Search code examples
sqlindexingclustered-index

How are the table data stored when it has a clustered index


I have found umpteen posts which begin like Quite a lot of time I have come across people saying "Clustered Index Physically sorts the data inside the table based on the Clustered Index Keys". It's not true! Then such posts go on to describe how it is actually stored, via linked lists or whatever. For example, this post says that

Each Index row contains a Key value and a pointer to either an Intermediate level page in the B-tree, or a Data row in the Leaf level of the Index. The Pages in each level of the Index are linked in a Doubly-linked list. The Pages in the Data chain and the rows in them are ordered on the value of the Clustered Index key.

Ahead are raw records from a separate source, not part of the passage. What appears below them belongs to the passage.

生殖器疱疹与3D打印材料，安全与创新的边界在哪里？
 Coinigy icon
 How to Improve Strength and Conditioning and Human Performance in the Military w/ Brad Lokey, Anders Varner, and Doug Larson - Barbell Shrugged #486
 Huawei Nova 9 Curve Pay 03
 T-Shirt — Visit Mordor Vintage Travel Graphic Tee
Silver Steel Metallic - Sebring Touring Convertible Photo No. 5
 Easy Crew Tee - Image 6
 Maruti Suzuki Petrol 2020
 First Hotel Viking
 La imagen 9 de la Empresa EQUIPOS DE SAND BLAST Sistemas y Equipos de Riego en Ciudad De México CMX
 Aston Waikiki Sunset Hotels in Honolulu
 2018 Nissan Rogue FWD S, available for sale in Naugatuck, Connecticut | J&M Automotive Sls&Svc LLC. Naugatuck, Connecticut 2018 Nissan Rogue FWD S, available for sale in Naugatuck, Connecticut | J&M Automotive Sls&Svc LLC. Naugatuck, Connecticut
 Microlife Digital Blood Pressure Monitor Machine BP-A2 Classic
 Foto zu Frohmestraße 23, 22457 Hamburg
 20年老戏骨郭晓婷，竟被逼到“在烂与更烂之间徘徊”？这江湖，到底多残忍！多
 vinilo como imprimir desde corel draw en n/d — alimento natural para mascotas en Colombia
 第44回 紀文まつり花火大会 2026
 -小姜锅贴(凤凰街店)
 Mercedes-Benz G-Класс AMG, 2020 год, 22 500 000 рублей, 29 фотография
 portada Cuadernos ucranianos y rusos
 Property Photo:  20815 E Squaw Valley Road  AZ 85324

That brings me to my question, the data pages are the place where the table data are stored, right? So if they are sorted and the data within them also are sorted according to the indexed column value, why is it wrong to say that the clustered index keeps the table data in sorted order? Here is a pic from Kalen Delaney's book, which shows that the leaf pages in a table with CI are all sorted according to the CI value:

enter image description here


Solution

  • You're right.

    Clustered indexes do not physically sort the data inside the table based on the Clustered Index Keys. If that was the case then the inserts into the middle of a large table with no free space would require huge amounts of IO to make room for the new record.

    Instead a new page is allocated from anywhere in the file and linked into the linked list.

    The degree to which the physical order of pages differs from the logical order is the extent of logical fragmentation. Rebuilding or reorganizing the index can reduce this.